▶ Work instructions
The expected result is an exact copy of the lines from the one holding "May include: A" to the last line of the material, with pictures removed and nothing added.

▶ Exercise data
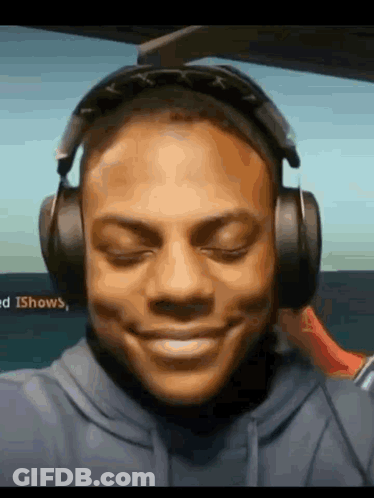 A Man Wearing Headphones And A Blue Hoodie Is Smiling . GIF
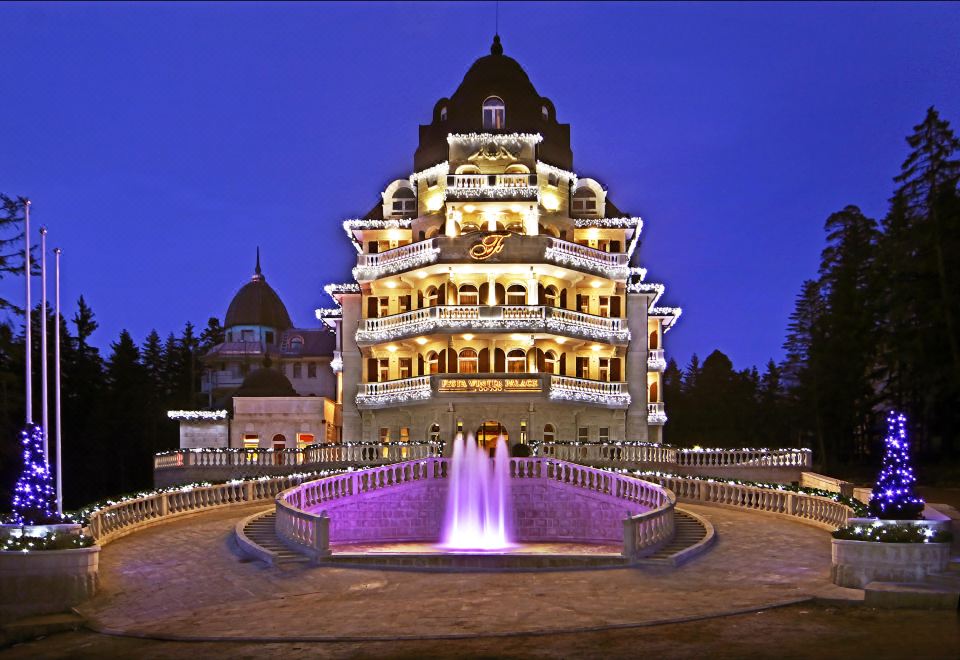 a large , ornate building with a fountain in front of it , illuminated at night at Festa Winter Palace Hotel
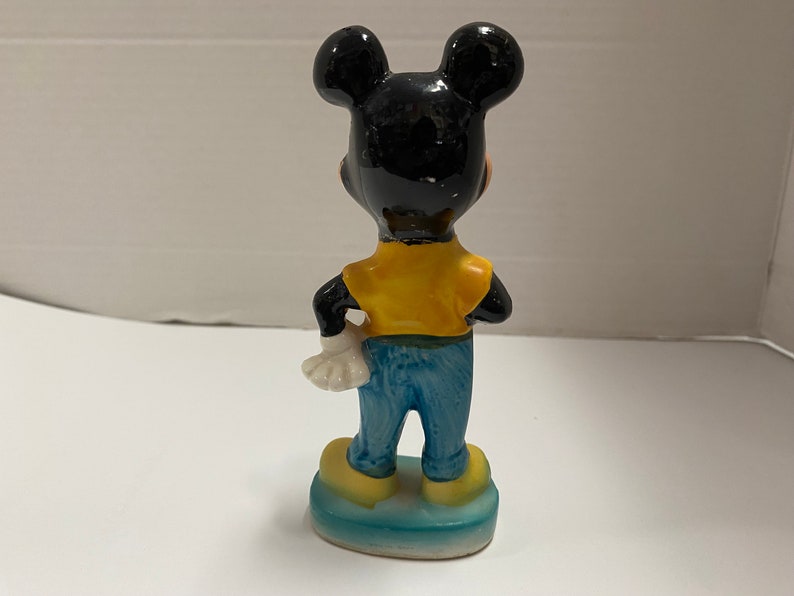 May include: A ceramic figurine of Mickey Mouse wearing a yellow shirt and blue jeans. He is standing on a blue base.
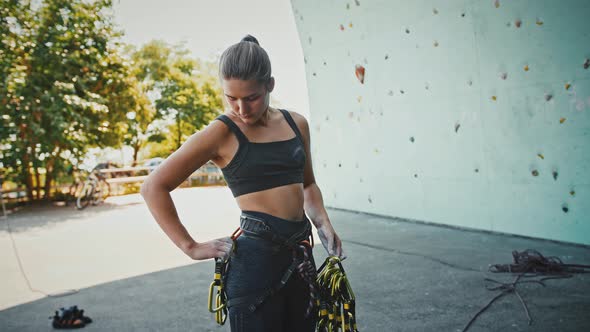 Young Woman Hanging Carbines on Her Belaying Harness Outdoors Tracking Shot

▶ Exercise response
 May include: A ceramic figurine of Mickey Mouse wearing a yellow shirt and blue jeans. He is standing on a blue base.
 Young Woman Hanging Carbines on Her Belaying Harness Outdoors Tracking Shot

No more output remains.